‘Taxing machinery and equipment discourages growth’
For Immediate Release Wednesday, July 2, 2014 Contact: Ted O'Neil Media Relations Manager 989-698-1914
MIDLAND — Proposal 1 on the Aug. 5 primary ballot would cut personal property taxes — those taxes levied on businesses for equipment and machinery — by about $500 million a year while ensuring that local units of government are reimbursed for the entirety of revenue lost due to the cuts, according to a new policy brief released today by the Mackinac Center for Public Policy.
“Voters are being asked to certify a $500 million reduction in an economically inefficient tax,” said James Hohman, assistant director of fiscal policy and author of the policy brief. “Taxing equipment and machinery discourages expansion and growth.”
If Proposal 1 passes, it would put in place legislation already approved by the Legislature that creates three new exemptions for certain businesses that currently pay personal property taxes. Those exemptions would free businesses with less than $80,000 of personal property from all PPT liability; phase in relief for manufacturing personal property that has been subjected to the tax for at least 10 years; and exempts all new manufacturing personal property.
Those exemptions would result in a tax cut of more than $600 million annually, but would be offset by a new, smaller tax on personal property that qualifies for either of the latter two exemptions. That is estimated to raise about $117.5 million annually. State and local governments receive about $1.3 billion in PPT revenue currently.

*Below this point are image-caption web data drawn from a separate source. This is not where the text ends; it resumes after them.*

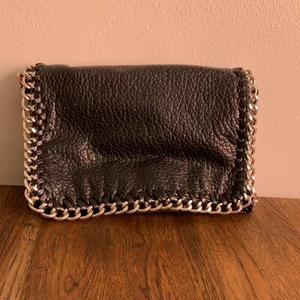 Väska - Väska från tiamo, har lite rost på dom ringarna jag tog kort på men inget som märks så mycket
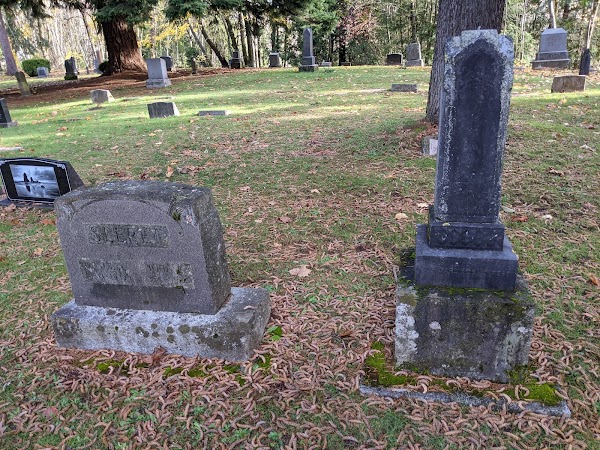 Gresham Pioneer Cemetery grounds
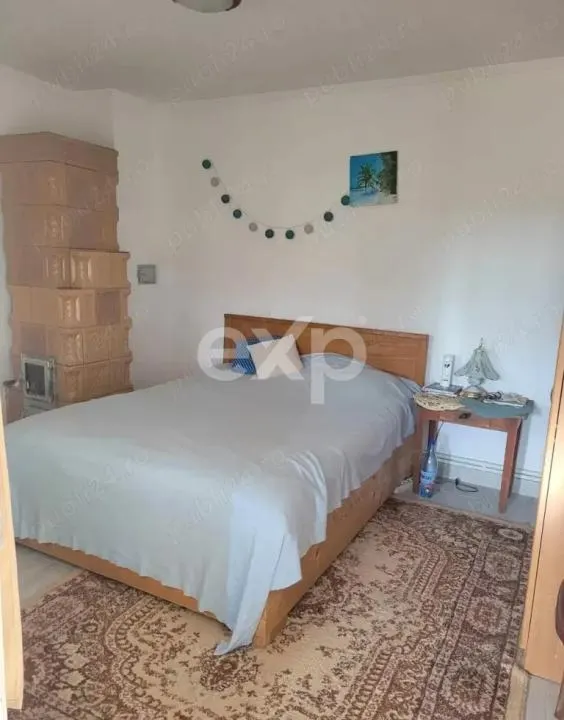 Vând casă solidă an 2000 cu confort modern pe 5200m  teren - foto 1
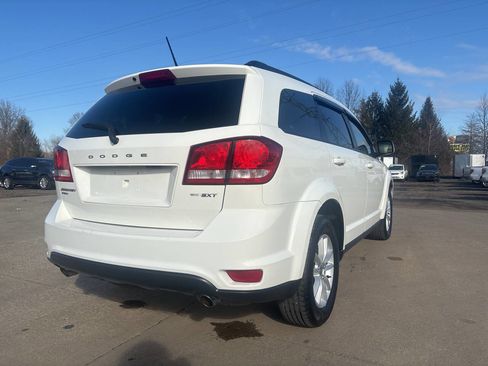 Used 2016 Dodge Journey SXT w/ Comfort/Convenience Group image 4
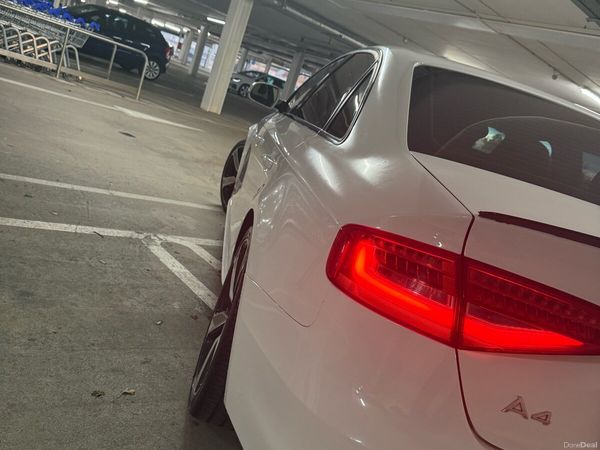 Audi A4 Saloon, Diesel, 2013, White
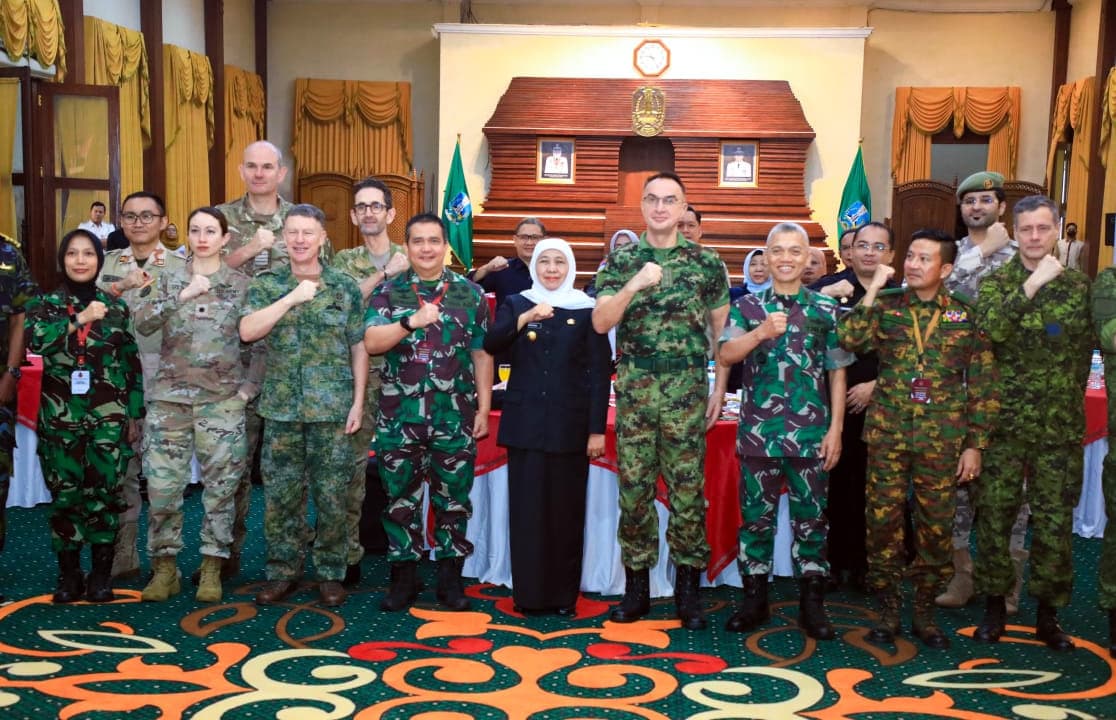 Gubernur Khofifah Kenalkan Keunggulan Jatim kepada Atase Pertahanan 17 Negara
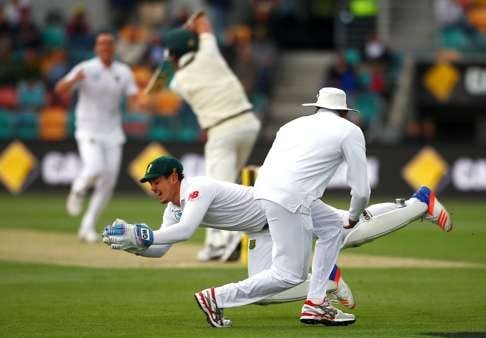 South Africa’s Kyle Abbott watches as teammate and wicketkeeper Quinton de Kock takes a catch to dismiss Australia’s Mitchell Starc. Photo: Reuters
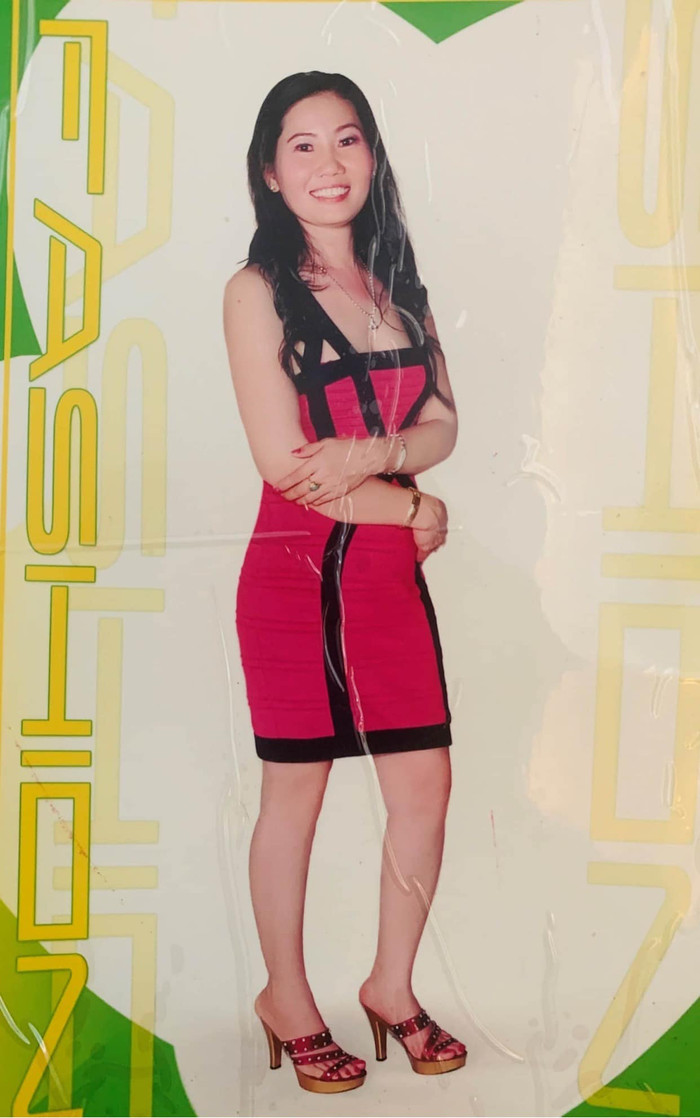 Mẹ của Thúy Ngân sành điệu với món quà của con gái.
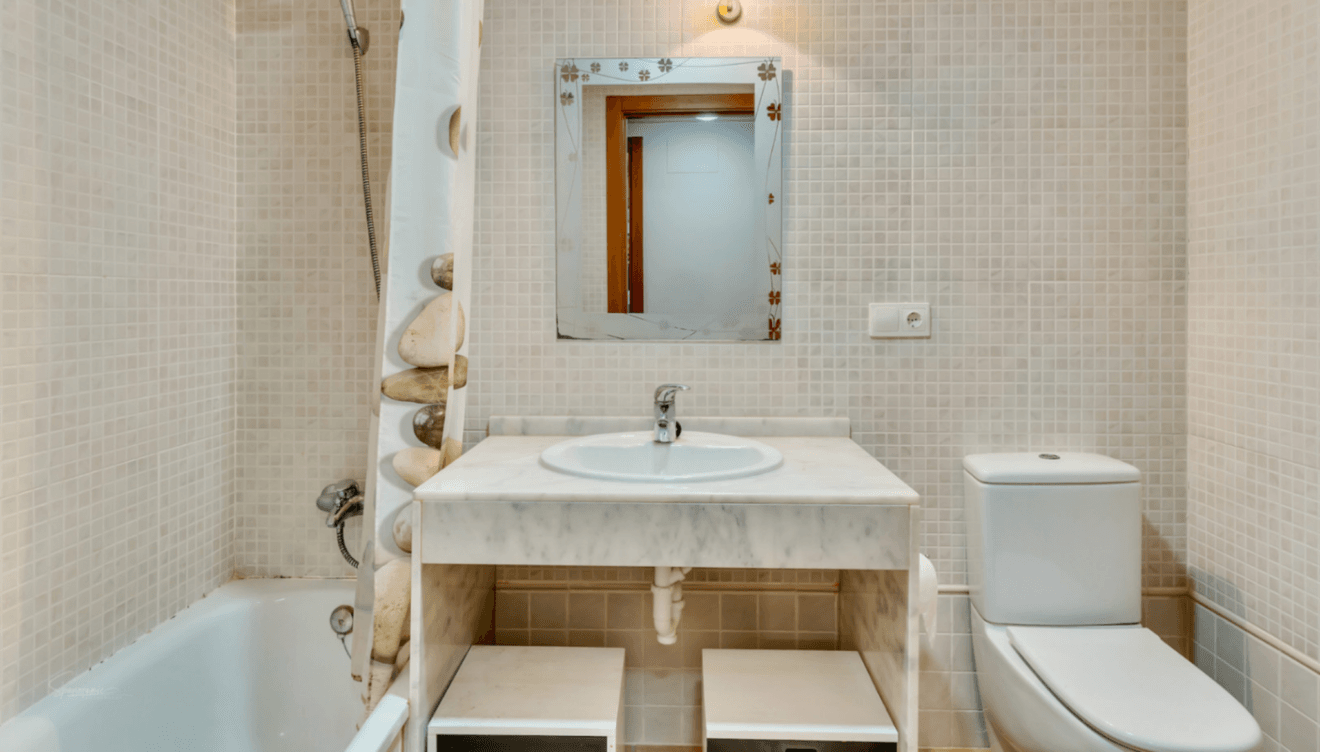 Baño completo con acabados cuidados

The bills that would become law should Proposal 1 pass would see the state set aside a portion of the Use tax revenue to reimburse local municipalities and school districts that experience a decrease in PPT revenue. The state will accomplish this through a new authority that will levy a Use tax and redistribute the money back to local governments. This “local” Use tax will decrease the state Use tax, leaving taxpayers unaffected. Although the package of bills has already been approved, the Headlee Amendment requires that the matter be put to a vote because it creates a new “local” tax.
“The state is going to absorb the revenue lost from these exemptions while cutting the personal property tax,” Hohman said. “It’s a hefty tax cut that should encourage job growth.”